From owner-freebsd-arch@FreeBSD.ORG  Sun Jul  5 14:11:55 2009
Return-Path: <owner-freebsd-arch@FreeBSD.ORG>
Delivered-To: freebsd-arch@FreeBSD.org
Received: from mx1.freebsd.org (mx1.freebsd.org [IPv6:2001:4f8:fff6::34])
	by hub.freebsd.org (Postfix) with ESMTP id 48E6F1065670;
	Sun,  5 Jul 2009 14:11:55 +0000 (UTC)
	(envelope-from brde@optusnet.com.au)
Received: from mail08.syd.optusnet.com.au (mail08.syd.optusnet.com.au
	[211.29.132.189])
	by mx1.freebsd.org (Postfix) with ESMTP id D7B688FC16;
	Sun,  5 Jul 2009 14:11:54 +0000 (UTC)
	(envelope-from brde@optusnet.com.au)
Received: from c122-106-161-96.carlnfd1.nsw.optusnet.com.au
	(c122-106-161-96.carlnfd1.nsw.optusnet.com.au [122.106.161.96])
	by mail08.syd.optusnet.com.au (8.13.1/8.13.1) with ESMTP id
	n65EBp4B013112
	(version=TLSv1/SSLv3 cipher=DHE-RSA-AES256-SHA bits=256 verify=NO);
	Mon, 6 Jul 2009 00:11:52 +1000
Date: Mon, 6 Jul 2009 00:11:51 +1000 (EST)
From: Bruce Evans <brde@optusnet.com.au>
X-X-Sender: bde@delplex.bde.org
To: Alexander Motin <mav@FreeBSD.org>
In-Reply-To: <4A50667F.7080608@FreeBSD.org>
Message-ID: <20090705223126.I42918@delplex.bde.org>
References: <4A4FAA2D.3020409@FreeBSD.org>
	<20090705100044.4053e2f9@ernst.jennejohn.org>
	<4A50667F.7080608@FreeBSD.org>
MIME-Version: 1.0
Content-Type: TEXT/PLAIN; charset=US-ASCII; format=flowed
Cc: gary.jennejohn@freenet.de, freebsd-arch@FreeBSD.org
Subject: Re: DFLTPHYS vs MAXPHYS
X-BeenThere: freebsd-arch@freebsd.org
X-Mailman-Version: 2.1.5
Precedence: list
List-Id: Discussion related to FreeBSD architecture <freebsd-arch.freebsd.org>
List-Unsubscribe: <http://lists.freebsd.org/mailman/listinfo/freebsd-arch>,
	<mailto:freebsd-arch-request@freebsd.org?subject=unsubscribe>
List-Archive: <http://lists.freebsd.org/pipermail/freebsd-arch>
List-Post: <mailto:freebsd-arch@freebsd.org>
List-Help: <mailto:freebsd-arch-request@freebsd.org?subject=help>
List-Subscribe: <http://lists.freebsd.org/mailman/listinfo/freebsd-arch>,
	<mailto:freebsd-arch-request@freebsd.org?subject=subscribe>
X-List-Received-Date: Sun, 05 Jul 2009 14:11:55 -0000

On Sun, 5 Jul 2009, Alexander Motin wrote:

> Gary Jennejohn wrote:
>> On Sat, 04 Jul 2009 22:14:53 +0300
>> Alexander Motin <mav@FreeBSD.org> wrote:
>> 
>>> Can somebody explain me a difference between DFLTPHYS and MAXPHYS 
>>> constants? As I understand, the last one is a maximal amount of memory, 
>>> that can be mapped to the kernel, or passed to the hardware drivers. But 
>>> why then DFLTPHYS is used in so many places and what does it mean?
>> 
>> There's a pretty good comment on these in /sys/conf/NOTES.
>
> But it does not explains why.

DFLTPHYS is the default -- the size to be used when the correct size is
not known.  However, this is mostly broken:

- the correct size should always be known at a low level.  You have to
   know the maximum size for a device to know that this size is larger
   than the default, else using the default size won't work.  Also, you
   have to know that the default size is a multiple of the minimum size.
   Both of these are usually true accidentally, so things sort of work.
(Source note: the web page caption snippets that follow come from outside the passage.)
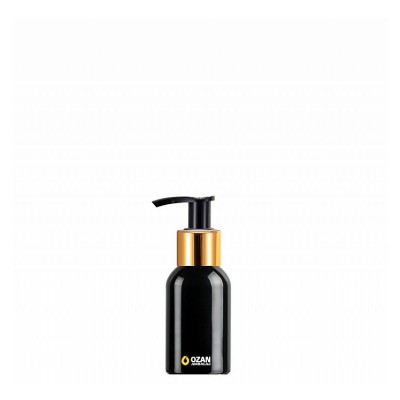 60 ml Toptan Siyah Pet �i�e Gold Siyah Losyon S�v� Sabun Pompas�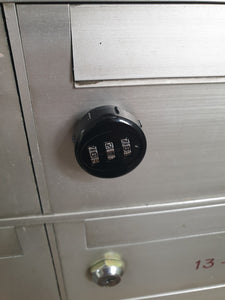 3-Digit Round Combi Lock 20mm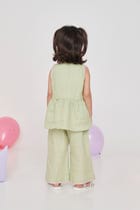 Pista Linen Girls Lace Peplum Set - Sale view 3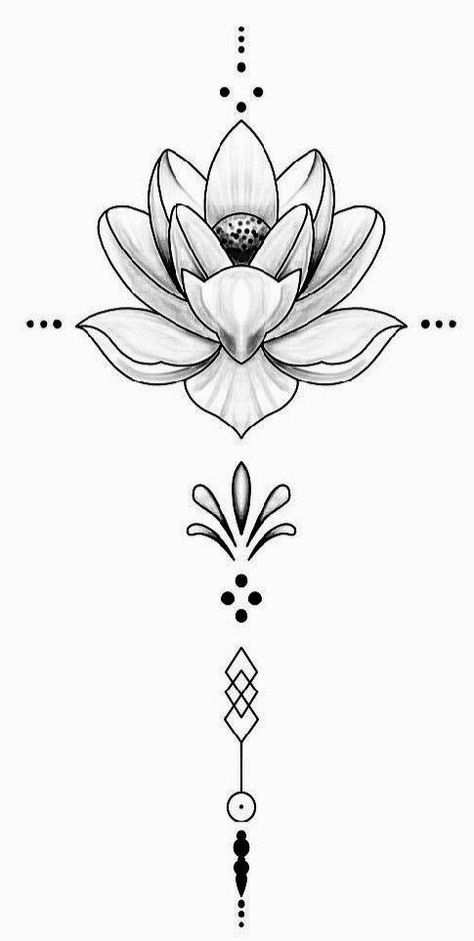 Japanese Lotus Flower Tattoo Design, Tattoo Touch Up, Spinal Tattoo, Lotus Flower Tattoo Design, Om Tattoo, Aztec Tattoo, Shiva Tattoo, Spine Tattoos For Women, Leg Tattoos Women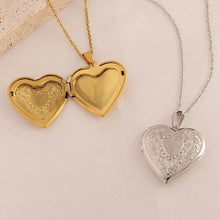 Heart Locket Necklace | Gold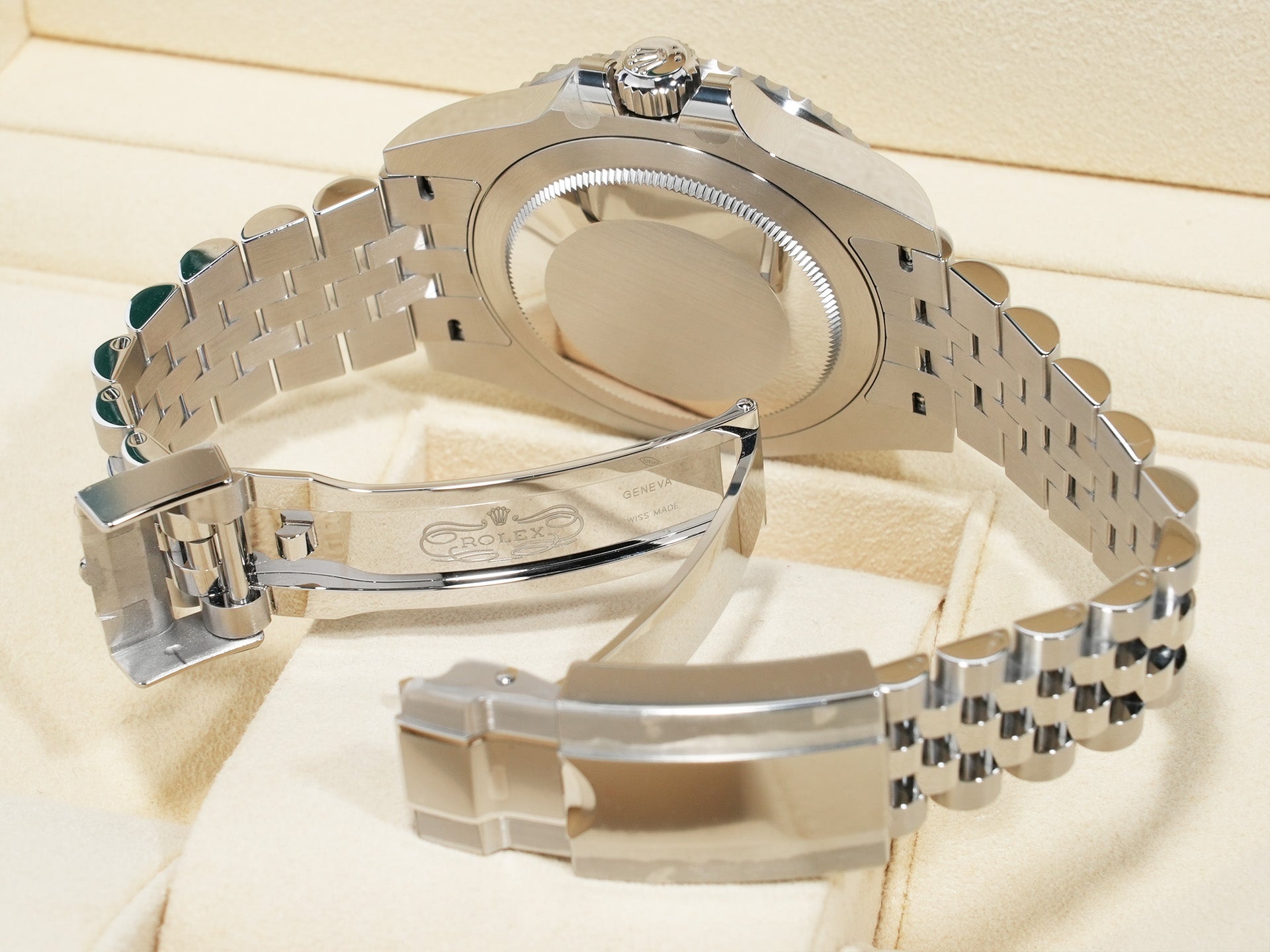 ロレックス GMTマスターII Ref.126710GRNR ステンレススチール ブラック文字盤 ジュビリーブレスレット 未使用 ky9aofcr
- the default size is defaulted inconsistently.  Geom hides the device
   maximum i/o size (d_maxsize, which is normally either 64K or DFLTPHYS
   which happen to be the same) from the top level of devices (it reblocks
   if necessary so that sizes up to (s_iosize_max, which is always
   MAXPHYS) work, so it is difficult to see the the low-level size or to
   use an i/o size that is a multiple of the device maximum i/o size if
   the latter is not a divisor or MAXPHYS.  This means that hard-coding
   MAXPHYS would work best in most places above the driver level, but most
   places have a mess of buggy layering (mnt_iosize_max is supposed to
   default to DFLTPHYS and then be changed to si_iosize_max when the latter
   is known, but some file systems forget to do this).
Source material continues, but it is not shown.